21. The apparatus according to claim 13, wherein the device
determines the reference signal by adding an adaptive codebook
vector with a fixed codebook vector to form an excitation signal
and passing the excitation signal through a synthesis filter.
22. The apparatus according to claim 21, wherein the adaptive
codebook vector is amplified by an adaptive codebook gain vector
g.sub.p and the fixed codebook vector is amplified by a fixed
codebook gain vector g.sub.c prior to being added together to form
the excitation signal.
Description
BACKGROUND OF THE INVENTION
1. Field of Invention
The present invention relates to transmission of data streams with
time- or spatially dependent correlations, such as speech, audio,
image, handwriting, or video data, across a lossy channel or media.
More particularly, the present invention relates to a frame erasure
concealment algorithm that is based on reestimating gain parameters
for a code excited linear prediction (CELP) coder.
2. Description of Related Art
When packets, or frames, of data are transmitted over a
communication channel, for example, a wireless link, the Internet,
or radio broadcast, some data frames may be corrupted or erased,
i.e., by the channel delay, so that they are not available or are
altogether lost when the data frames are needed by a receiver.
Frame erasure occurs commonly in wireless communications networks
or packet networks. Channel impairments of wireless networks can be
due to the noise, co-channel and adjacent channel interference, and
fading. Frame erasure can be declared when the bit errors are not
corrected. Also, frame erasure can result from network congestion
and the delayed transmission of some data frames or packets.
Currently, when a frame of data is corrupted, an error concealment
algorithm can be employed to provide replacement data to an output
device in place of the corrupted data. Such error handling
algorithms are particularly useful when the frames are processed in
real-time, since an output device will continue to output a signal,
for example to loudspeakers in the case of audio, or video monitor
in the case of video. The concealment algorithm employed may be
trivial, for example, repeating the last output sample or last
output frame or data packet in place of the lost frame or packet.

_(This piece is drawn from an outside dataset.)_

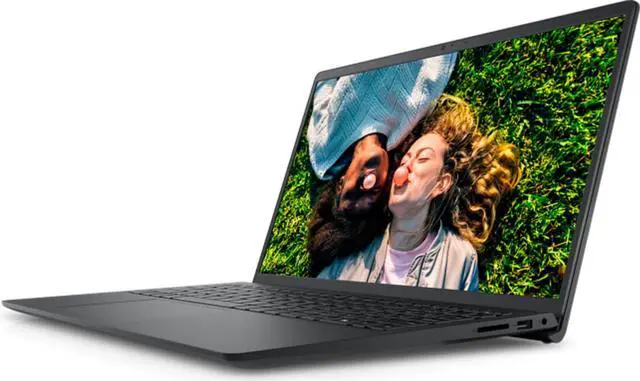 Alt view image 4 of 6 - Dell Inspiron 3521 Laptop (2022) | 15.6" 1366x768 HD | Celeron-N4020 - 256GB SSD Hard Drive - 16GB RAM | 2 cores @ 2.8 GHz Win 11 Pro Black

Alternatively, the algorithm may be more complex, or
non-trivial.
In particular, there are a wide range of frame erasure concealment
algorithms embedded in the current standard code excited linear
prediction (CELP) coders that are based on extrapolating the speech
coding parameters of an erased frame from the parameters of the
last good frame. Such a technique is commonly referred to as an
extrapolation method.
For example, a receiver using the extrapolation method, upon
discovering an erased frame can attenuate an adaptive codebook gain
g.sub.p and a fixed codebook gain g.sub.c by multiplying the gain
of a previous frame by predefined attenuation factors. As a result,
the speech coding parameters of the erased frame are basically
assigned with slightly different or scaled-down values from the
previous good frame. However, as described in greater detail below,
the reduced gains can cause a fluctuating energy trajectory for the
decoded signal and thus degrade the quality of an output
signal.
SUMMARY OF THE INVENTION
The present invention provides a frame erasure concealment device
and method that is based on reestimating gain parameters for a code
excited linear prediction (CELP) coder. During operation, when a
frame in a stream of received data is detected as being erased, the
coding parameters, especially an adaptive codebook gain g.sub.p and
a fixed codebook gain g.sub.c, of the erased and subsequent frames
can be reestimated by a gain matching procedure.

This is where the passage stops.